LETTER FROM BOBOLINK FARM

COUNTRY MUSIC


By Barbara Tatham Johnson

"My idea is that there is music in the air; the world is full of it, and you simply take as much as you require."
—Sir Edward Elgar

A pair of American bitterns romance in the cover provided by the fast growing meadow grasses. To some ears, the male bird’s watery gurgling noise sounds like a water pump at work. In a June 20, 1852, journal entry, Thoreau notes, “Minot says: ‘I call them belcher-squelchers, they go slug-toot, slug-toot, slug-toot.’” The bittern’s call reminds me of the sound a plumber’s helper makes unclogging the drain of a deep tub. I hear a definite slosh as I pass close by the hidden birds on my early morning walk up the Ridge Road. I stop to look for the birds, but I stand too close to a red-winged blackbird nest where fledglings with downy wisps on their heads bounce in raspberry canes, groping for a perch. The parent birds scold my trespass and, not satisfied when I move quickly several feet down the road, sit on the power line above my head and rag me continuously.

I see a bittern’s head, long upturned beak and neck. His coloration and striated feather pattern of brown, buff, and black blend perfectly with stems and seed heads that surround him. A black streak along the side of his neck curves to match the bends of dark grass stalks beside him. The bittern turns his head slightly and slowly with ball bearing smoothness, watching me with incredibly focused eyes. I want to see the action that a book about water birds describes as “violent contortions that make the bittern appear to retch, gulp air and distend his crop and throat to belch a guttural croak: “oong-KA-chunk!” But the bittern wants privacy when he calls, and stands motionless, willing to remain so until I move on. The complaints of the red-winged blackbirds send me on my way.

The gray morning brightens with a variety of birdsong, and I walk toward the yodeling of a bobolink which, sounds to me more soft and pensive than the robust love-filled melody I heard him sing in the sunny clear start of yesterday. The low cloud cover muffles my hearing, perhaps. Bobolink song, with more refined liquidity than the bittern’s glunking, is exuberant in all weather conditions. Henry David Thoreau wrote a journal entry for June 1, 1857, that describes bobolink melody in this way: “I hear the note of a bobolink concealed in the top of an apple tree behind me…He is just touching the strings of his therobo, his glassichord, his water organ, and one or two notes globe themselves and fall in liquid bubbles from his teeming throat. It is as if he touched his harp within a vase of liquid melody, and when he lifted it out, the notes fell like bubbles from the trembling strings. Methinks they are the most liquidly sweet and melodious sounds I ever heard. They are refreshing to my ear as the first distant tinkling and gurgling of a rill to a thirsty man.”

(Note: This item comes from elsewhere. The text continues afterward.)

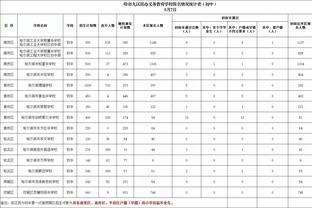 连缺4场！船记破防：小卡伤势虽说是每日观察 但更像是每周观察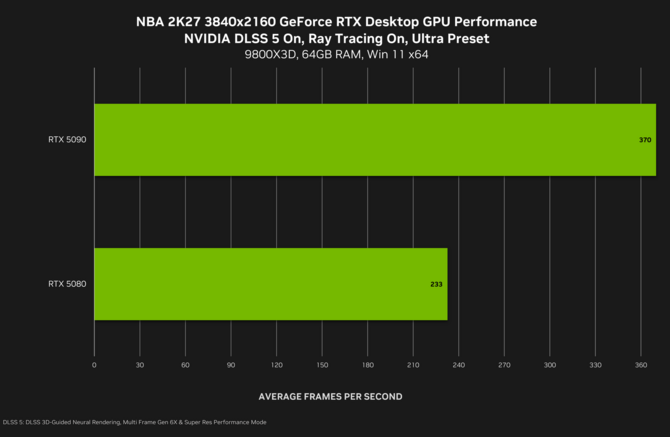 NVIDIA DLSS 5 zadebiutuje w tym tygodniu. Jakość renderowania neuronowego widzieliśmy na przykładzie karty GeForce RTX 5060 [nc1]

A song sparrow, as full of himself as he was in early April, spills his song from a perch on a pin cherry sapling at the side of the road. Nearby a common-yellowthroat song, less melodic but musical nonetheless, rings “witchy-witchy-witchy-witch.” From the woods I pass, the downward spiral of a veery's melody carries across the still air. Then the loud whistled “wheep” of a great crested flycatcher in a tree nearby overtops the thrush song. I stop to locate the rose-breasted grosbeak whose robinlike song is described by Roger Tory Peterson as resembling “robin’s song, but mellower, given with more feeling (as if a robin has taken voice lessons). ” I want to see the grosbeak’s deep pink chest patch. Following the sound of his notes, I find the singer and watch through binoculars as his throat and breast swell and quiver with song. Perhaps I will see the bittern’s performance when I return, for, from the hay meadow down hill, the bittern’s voice sounds. Over the distance his voice has lost its sloshing, and the loud “Ka” sound, imitating the sound of a sledgehammer striking a post, is all that travels to my ears. The American bittern is sometimes called “the stake driver.”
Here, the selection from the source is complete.